実は錦織自身も松江の出身であり、かつては地元で「松江一の秀才」と評される存在でした。しかし、家が貧しく体も弱かったために中学を中退せざるを得ず、一時は無資格ながら松江で教師として生計を立てていました。こうした自身の経験から、銀二郎の境遇に共感し、手を差し伸べたと考えられます。銀二郎は松野家に戻ることを頑なに拒否し、トキは彼を松江に連れ帰ることができませんでしたが、約3年後、トキは再び松江で錦織と再会することになります。
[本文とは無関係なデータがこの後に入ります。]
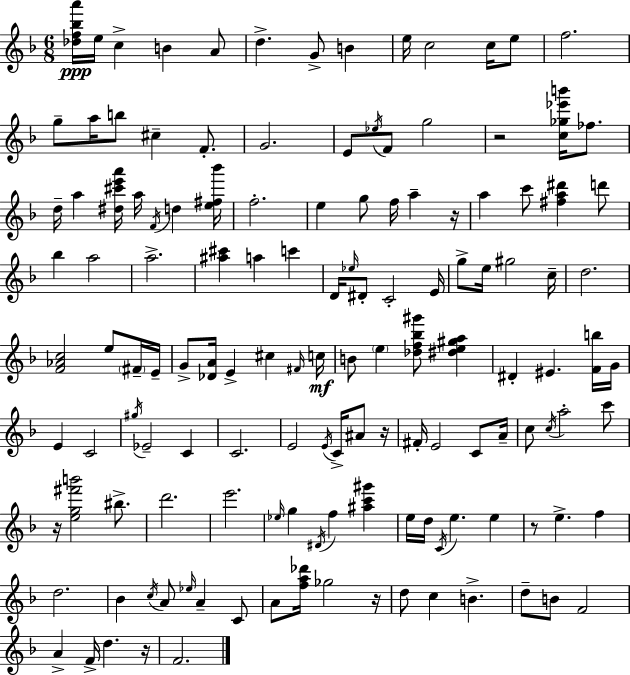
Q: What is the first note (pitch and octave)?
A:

この再会が、レフカダ・ヘブンとの出会いへと繋がる重要な伏線となるのです。
小泉八雲(レフカダ・ヘブン)との出会い:松江での波乱と信頼関係の構築
ドラマ第5週「ワタシ、ヘブン。マツエ、モ、ヘブン。」では、明治20年(1887年)から約3年が経過した松江を舞台に、島根県知事の江藤安宗(佐野史郎)に招かれた英語教師、レフカダ・ヘブン(トミー・バストウ)が松江の地に降り立つ場面が描かれます。多くの人々が「異人」の来訪に物見遊山で出迎える中、トキや友人のサワ(円井わん)らもその場にいました。ヘブンが到着する直前、トキが目にしたのは、通訳を務める錦織友一の姿でした。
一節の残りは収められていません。